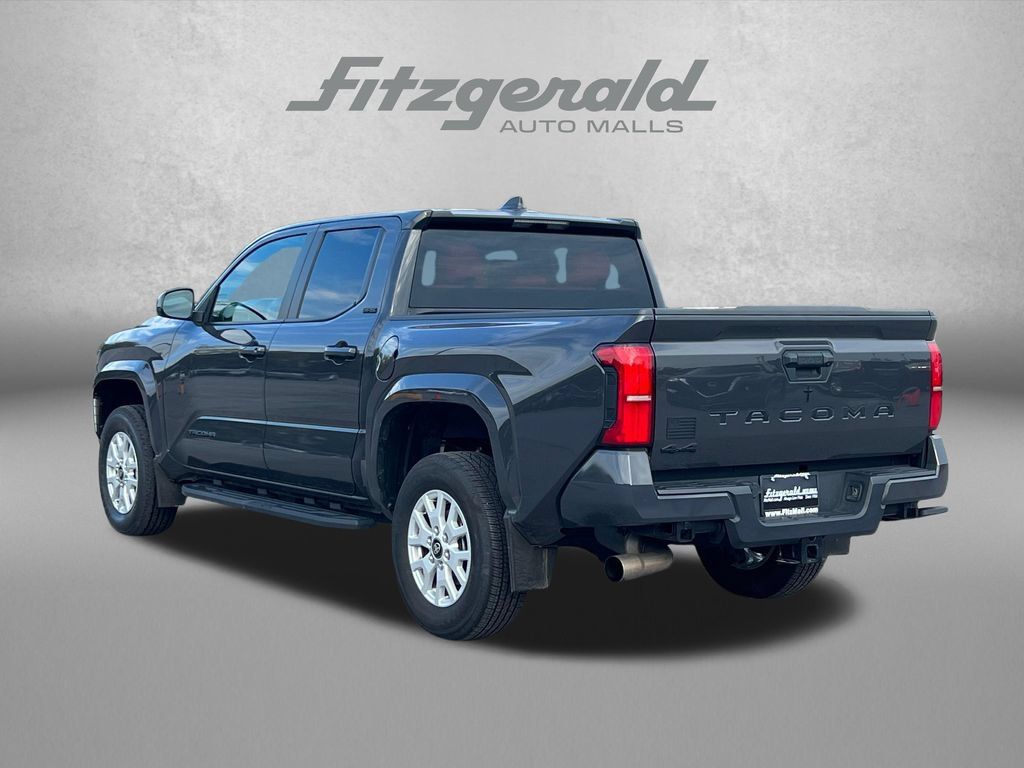 Used 2024 Toyota Tacoma SR5 AWD/4WD image 9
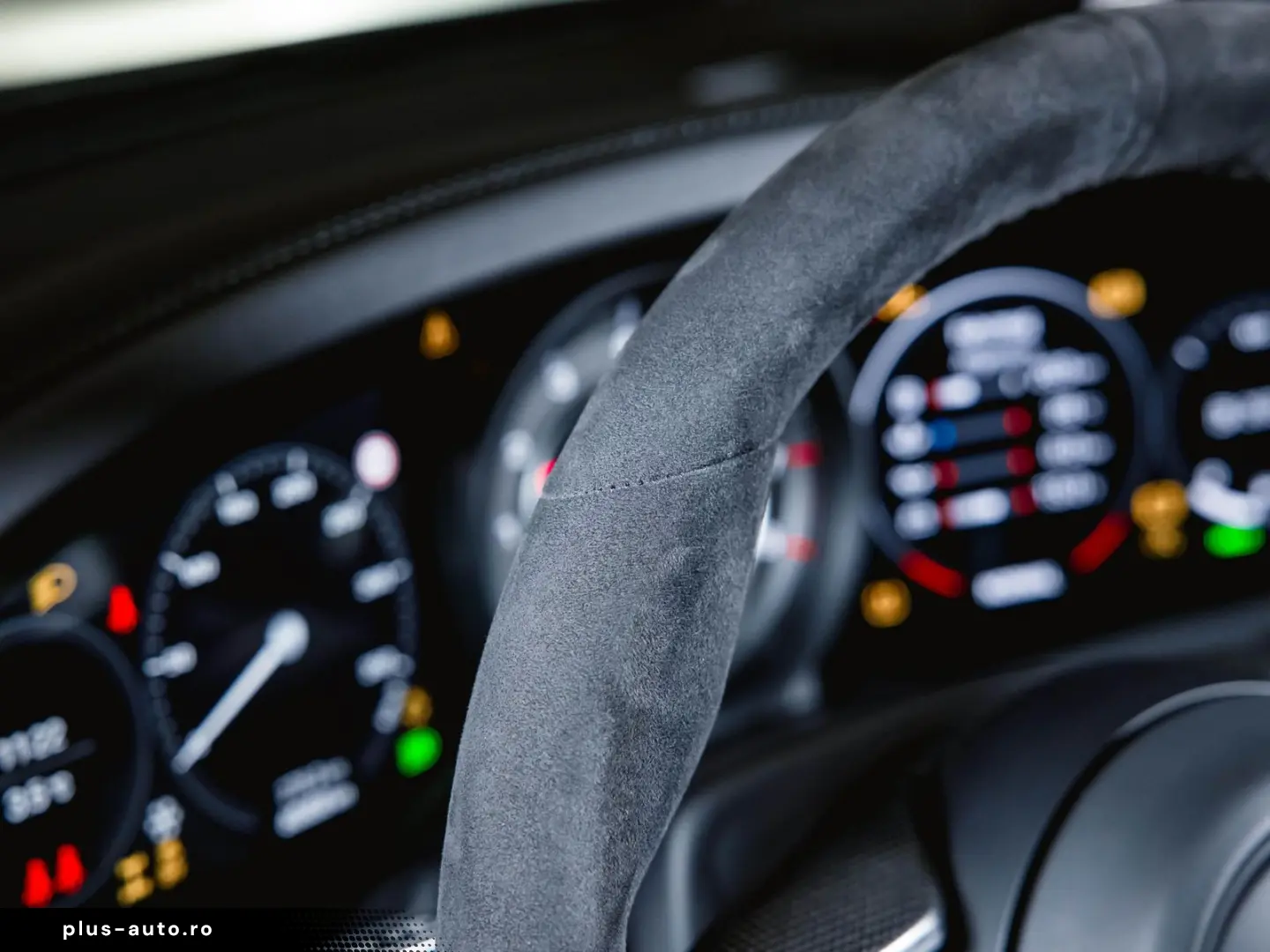 PORSCHE 911 Turbo S Burmester Liftsystem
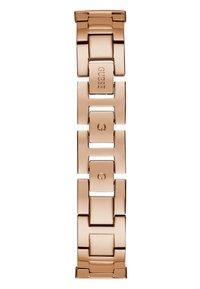 Cinturino per orologio in metallo color oro rosa con maglie larghe, inciso con la scritta "GUESS" e la lettera "G" su maglie quadrate alternanti, mostrato disteso.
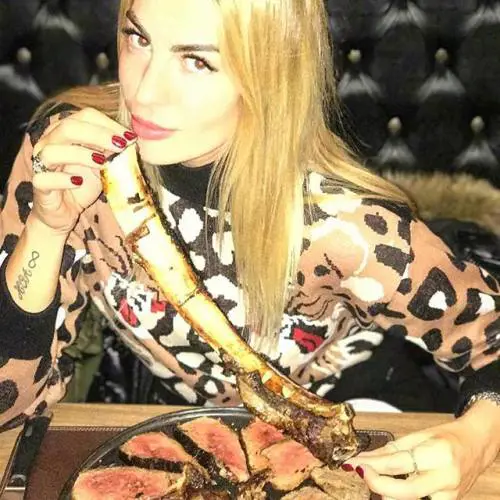 Veronica Angeloni sexy su Instagram: le foto della bella pallavolista 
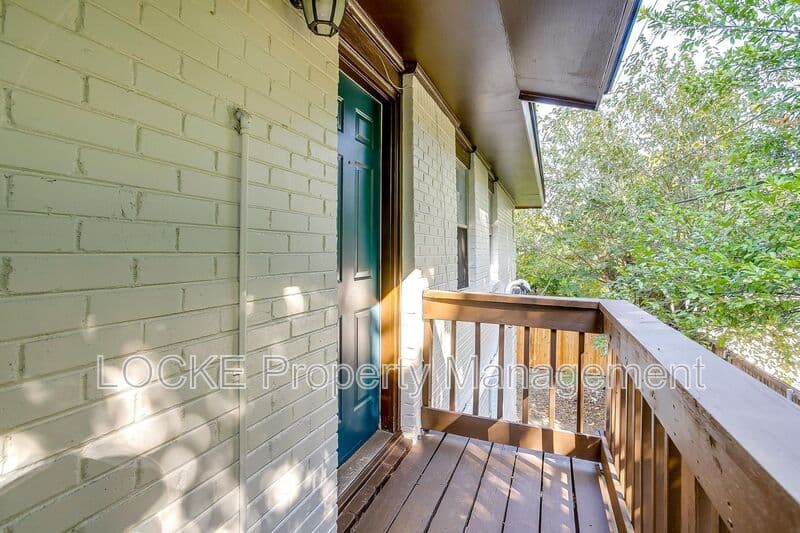 Fort Worth House: 3419 South University Drive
════
- **Task statement**
Set down word for word every line from the one containing "Cinturino per orologio" through the last line of the records above, both ends included. Leave out the pictures.

- **Exercise output**
 Cinturino per orologio in metallo color oro rosa con maglie larghe, inciso con la scritta "GUESS" e la lettera "G" su maglie quadrate alternanti, mostrato disteso.
 Veronica Angeloni sexy su Instagram: le foto della bella pallavolista 
 Fort Worth House: 3419 South University Drive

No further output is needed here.